Donald Trump is starting a messy fight with the entire internet

Donald Trump is starting a messy fight with the entire internet

Donald Trump

A new executive order would pare back crucial portions of Section 23

Today, President Donald Trump plans to sign an executive order that would give the government huge new powers over the internet. As reported yesterday by The Washington Post, Trump will order the Federal Communications Commission and Federal Trade Commission to roll back the liability protections enjoyed by tech companies under Section 230 of the Communications Decency Act. It’s a hugely ambitious proposal, arguably the biggest single attempt to regulate internet platforms, and for better or worse, it signals the beginning of an all-out war between Trump and any platform that tries to fact-check him.

As Trump ominously put it on Twitter, “This will be a Big Day for Social Media and FAIRNESS!”

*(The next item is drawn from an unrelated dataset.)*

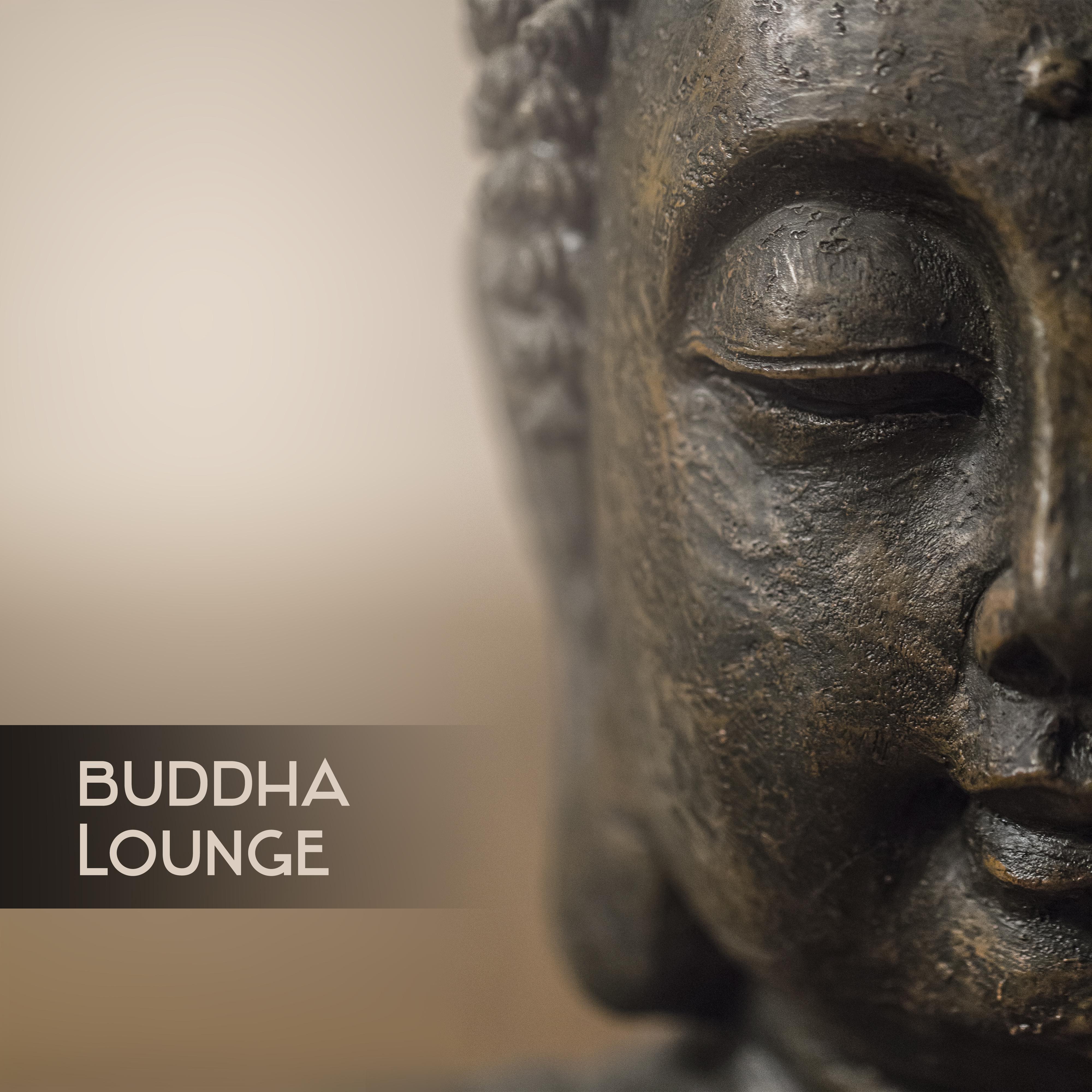 Buddha Lounge – Stress Relief, Pure Relaxation, Morning Meditation, Deep Chill, Inner Calmness, Harmony, Peaceful Mind, Chill Out Music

Sometimes called the most important law on the internet, Section 230 exempts companies from most liability for speech on their platform and gives them broad discretion in how they moderate speech. In concrete terms, it means you can’t sue Twitter for banning or not banning a particular account — although lots of people have tried

Today’s order appears to be the same executive order that was rumored back in August 2019, provoking this memorable tweet from an FCC commissioner. The basic idea is for complaints about bias to be fielded by the FTC (usually in charge of consumer protection). If a company is found to be removing or suppressing content unfairly, the executive order deputizes the FCC (usually in charge of telecom infrastructure) to rule on whether it no longer qualifies for the “good faith” provision of Section 230. In essence, the FCC will now decide whether tech platforms are allowed to have the legal protections that form the basis of their business models.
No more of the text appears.